----- Information
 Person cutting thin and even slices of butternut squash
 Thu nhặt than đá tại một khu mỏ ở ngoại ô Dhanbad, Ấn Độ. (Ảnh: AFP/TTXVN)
----------
----- Information
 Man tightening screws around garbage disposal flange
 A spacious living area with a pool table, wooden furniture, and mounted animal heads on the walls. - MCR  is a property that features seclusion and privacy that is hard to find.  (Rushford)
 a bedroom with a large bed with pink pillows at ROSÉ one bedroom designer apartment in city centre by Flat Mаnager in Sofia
----------
----- Information
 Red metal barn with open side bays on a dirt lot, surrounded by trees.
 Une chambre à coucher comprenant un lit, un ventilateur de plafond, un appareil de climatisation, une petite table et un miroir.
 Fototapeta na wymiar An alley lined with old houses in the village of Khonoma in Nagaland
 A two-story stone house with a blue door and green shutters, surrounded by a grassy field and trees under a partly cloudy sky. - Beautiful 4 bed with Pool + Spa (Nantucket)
----------
Exercise brief => Write out only the lines that run from the line containing "Person cutting thin" through the line containing "Thu nhặt than", both included, exactly as they appear above.

Output of the exercise =>
 Person cutting thin and even slices of butternut squash
 Thu nhặt than đá tại một khu mỏ ở ngoại ô Dhanbad, Ấn Độ. (Ảnh: AFP/TTXVN)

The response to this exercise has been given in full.